» **Data shown**

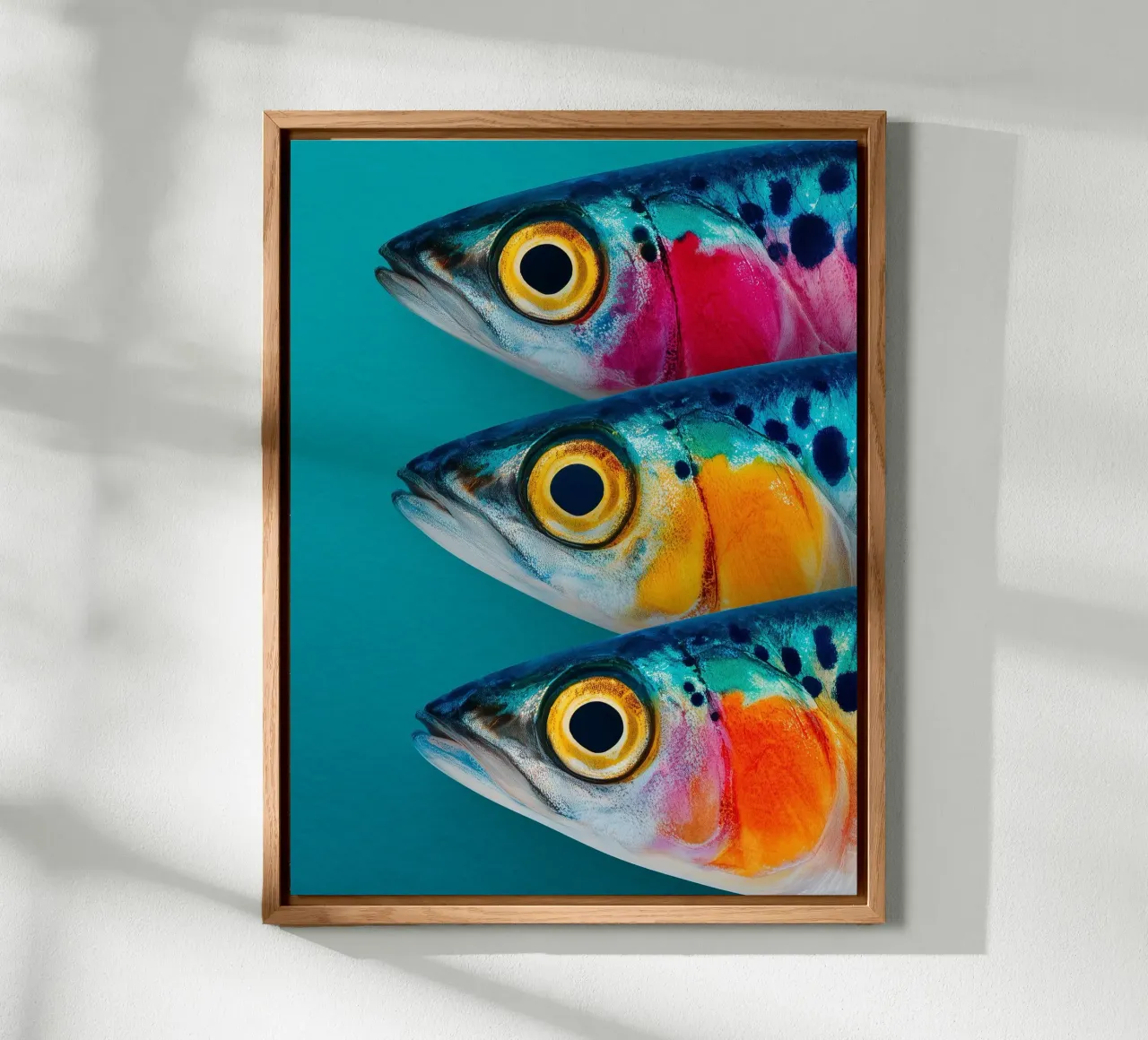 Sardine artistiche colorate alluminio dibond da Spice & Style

* * *

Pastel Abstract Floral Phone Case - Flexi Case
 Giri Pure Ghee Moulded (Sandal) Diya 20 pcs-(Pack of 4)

---

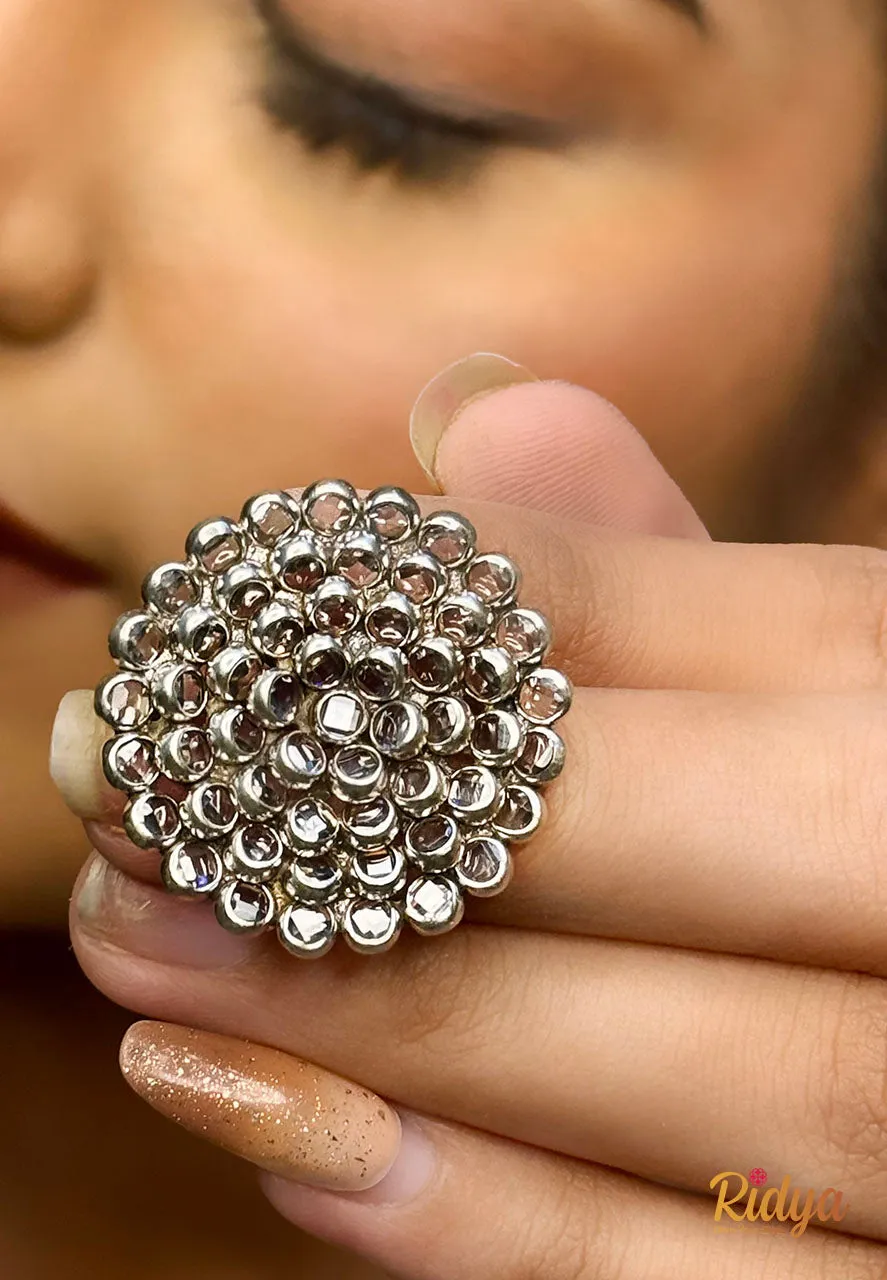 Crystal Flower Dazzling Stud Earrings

» **What to work on**
Starting at the line that has "Pastel Abstract Floral" in the records above, restate word for word every line until the one that has "Giri Pure Ghee", and include that one as well.

» **Written answer**
Pastel Abstract Floral Phone Case - Flexi Case
 Giri Pure Ghee Moulded (Sandal) Diya 20 pcs-(Pack of 4)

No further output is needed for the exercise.